Chimica, ecatombe di posti di lavoro

Nell’ultimo quadriennio dal territorio

sono scomparse dodici aziende a altrettante hanno dovuto affrontare una riduzione del personale

Negli ultimi quattro anni nella categoria dei chimici lodigiani sono sparite 12 aziende che hanno portato via con sé 575 posti di lavoro, e altre 12 hanno avuto riduzioni di personale per 296 unità: poco meno di 900 posti di lavoro persi, a cui si aggiungono le situazioni ancora aperte di crisi con cassa integrazione ordinaria (6 aziende per 157 lavoratori), con cassa straordinaria (5 aziende con 150 lavoratori) e di cassa in deroga (3 con 183 lavoratori coinvolti).

È la fotografia della categoria dei chimici (chimica, tessile, energia e manifatture) fatta dalla Filtcem Cgil di Lodi e presentata dal segretario Francesco Cisarri nel corso del direttivo dei delegati tenutosi in settimana. La disamina della Cgil per questi quattro ultimi anni nel settore è impietosa e coinvolge grandi storie industriali del territorio e multinazionali presenti da tempo nel lodigiano.

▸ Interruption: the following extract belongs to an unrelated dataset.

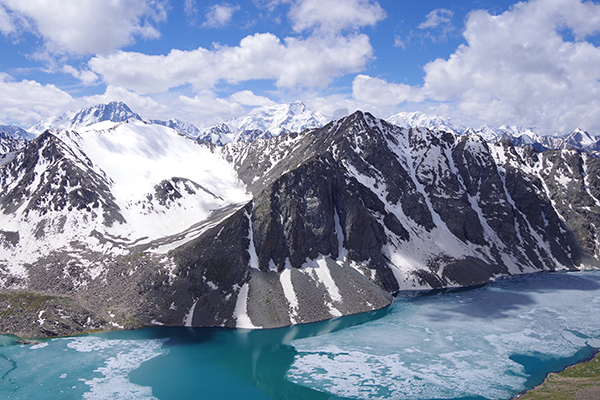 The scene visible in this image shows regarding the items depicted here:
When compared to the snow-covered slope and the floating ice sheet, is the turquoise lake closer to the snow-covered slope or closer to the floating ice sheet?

L’elenco delle aziende chiuse è una parte importante del Lodigiano e testimoniano la perdita di pezzi interi di territorio o di comparti produttivi. Borgo San Giovanni ricorda la Bma chiusa nel 2010 con 26 lavoratori (erano 70 ai tempi migliori) e la Bardiafarma sparita l’anno dopo con 50 dipendenti, Sant’Angelo ha perso la Sinterama chiusa nel 2011 con i suoi 30 posti di lavoro (degli 80 di un tempo), Massalengo la Solbiati Sasol e 88 posti di lavoro, quasi tutti di occupazione femminile. Poi c’è spazio per storie grandi come quella della Shering Plough di Comazzo (chiusa a dicembre 2012 con 90 posti di lavoro), complicate come Pantaeco a Casale (15 dipendenti diretti, ma ce ne erano almeno 60 nelle cooperative esterne) e incredibili come quella di Akzo Nobel di Fombio, i cui 180 lavoratori seppero della chiusura da uno scambio di mail tra manager intercettato casualmente. Poi ci sono le riduzioni di personale intercorse in quattro anni, da Unilever con 160 lavoratori in meno a Pregis (ora Airpack) con 40 in meno, e poi E-On (15 lavoratori) e Italplastica (5 dipendenti) a Tavazzano, Poligof e 30 dipendenti in meno a Pieve Fissiraga, e la Felisi (8 in meno) e Tendarredo (3 lavoratori) a Codogno. E poi c’è la storia attualissima di Baerlocher a Lodi, che ha già perso 45 dipendenti. «È un’ecatombe, perché i posti di lavoro persi non si riprendono più e perché questi numeri sono al ribasso, sia perché spesso sono stati preceduti da altre riduzioni sia perché non si considera l’indotto - commenta Francesco Cisarri segretario della Filtcem Cgil -. Questo territorio ha perso interi comparti produttivi come la manifattura per gli occhiali o il tessile, ridotto ai minimi termini. E c’è grande preoccupazione per quanto riguarda le casse integrazioni aperte, perché per alcune di esse le prospettive non sono buone. E il tutto è avvenuto nell’indifferenza quasi totale delle istituzioni, che non hanno avuto la voglia o il coraggio di ripensare una politica industriale per il territorio».